I am almost as sure as it will rain one of these days, that I don’t know the difference between ‘homo Habilis’ and ‘Zinjanthropus’. I encountered those strange words, over which I would die of a heart attack if you forced me to force my brain to give scientific definitions, when I was a student.
That was way back in the days when, up to three years after Tanganyika’s independence in 1961, the walls of many sitting rooms of houses in my probably blessed home village, were graced with giant-size portraits of a British lady exuding with aristocratic elegance, captioned ‘God bless the queen’.
It was when, furthermore, my feet were technically banned from wearing shoes and underpants were as exclusive to girls, as longsleeved shirts were for male adults. It was also around the time when, as I regularly remember not to forget to brief you as a free-of-charge history tutorial, tiny illegal immigrants called jiggers (of which embunza is the ugly kihaya name) migrated into our feet.
They lodged there happily, and, not knowing how to cook, they chewed the flesh raw, mistaking it for beef. During our school days, memorizing complicated words, which we characterized ‘bombastic’ , was trendy. We spoke Kihaya, Kiswahili, and a very tiny portion of English, and as such, we were speakers of three languages.
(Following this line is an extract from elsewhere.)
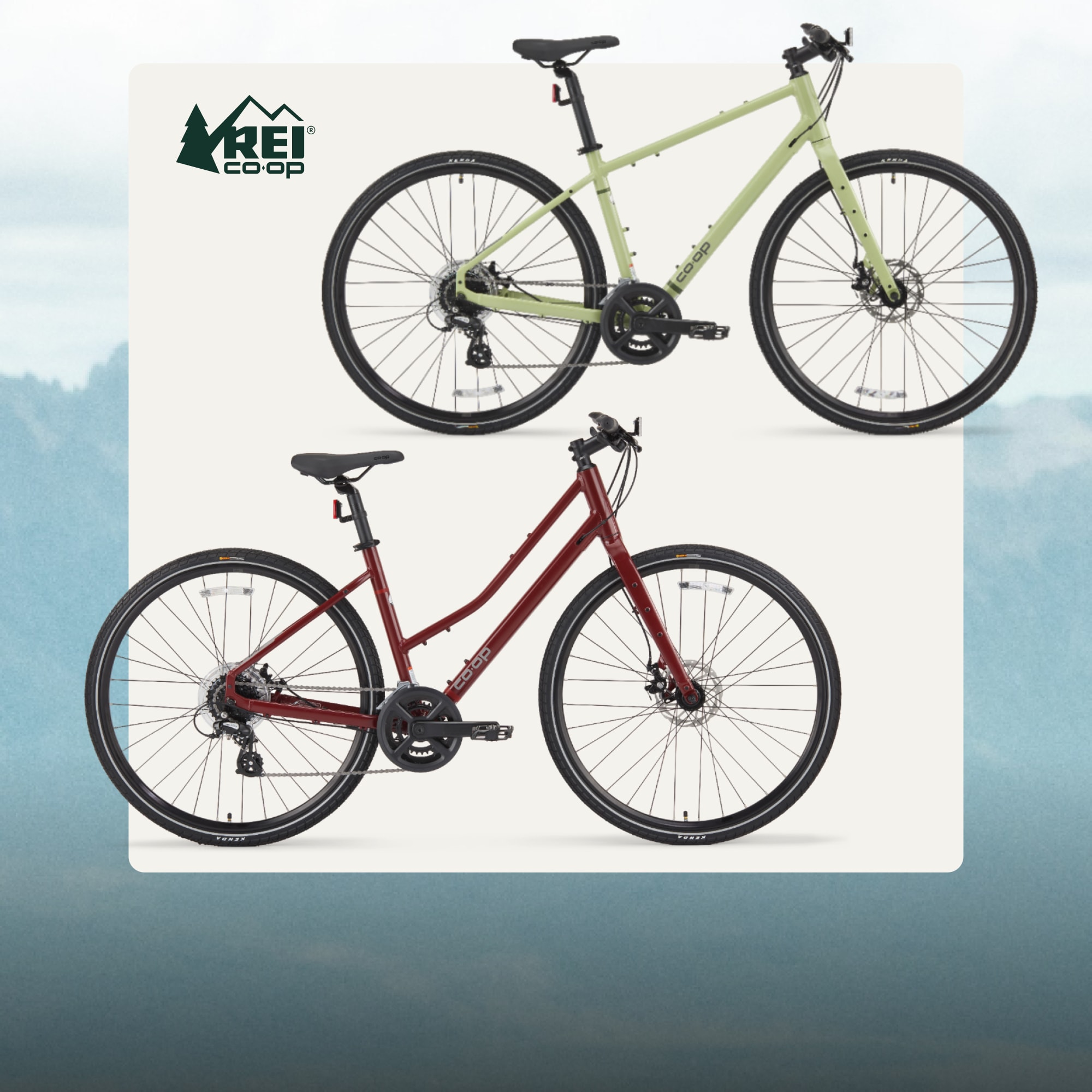 Two Co-op Cycles CTY 1.1 bikes on a light colored background over an image of grassy mountains.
On that basis, we could have branded ourselves ‘tri-lingualists’ if we had known the meaning of the two-in-one word over 50 years ago.
English fascinated us most, and we tried our level best to master it because it was the hardest. It also sounded the ‘sweetest’, judging by how stylishly students in higher classes in boarding school on holiday in the village, spoke it. They often liberated us from speaking ‘Englishless English’, some expressions of which we inherited from our grandpas.
Topping the list was ‘Bilalifulu’ for bloody fool, which is how they branded us when we misbehaved! Thanks to being a bunch of idiots (the word ‘group’ here would be misplaced), we memorized complicated English words, often twisting their meaning. We smiled at each other sheepishly in the process, by imagining that we were intellectuals, and since one idiot could not brand another an idiot, the idiocy was perpetuated.
‘Homo Habilis’ and ‘Zinjanthropus’ were in that category. Superficially, we knew that they stood for creatures that preceded the human beings into which we eventually evolved. I strongly suspect that chimpanzees lie somewhere along that process. When they gaze at me sheepishly rather than ‘chimpanzeezily’ during visits to zoos, I feel uneasy, as I feel that they are my very distant relatives, and are delighted to see me.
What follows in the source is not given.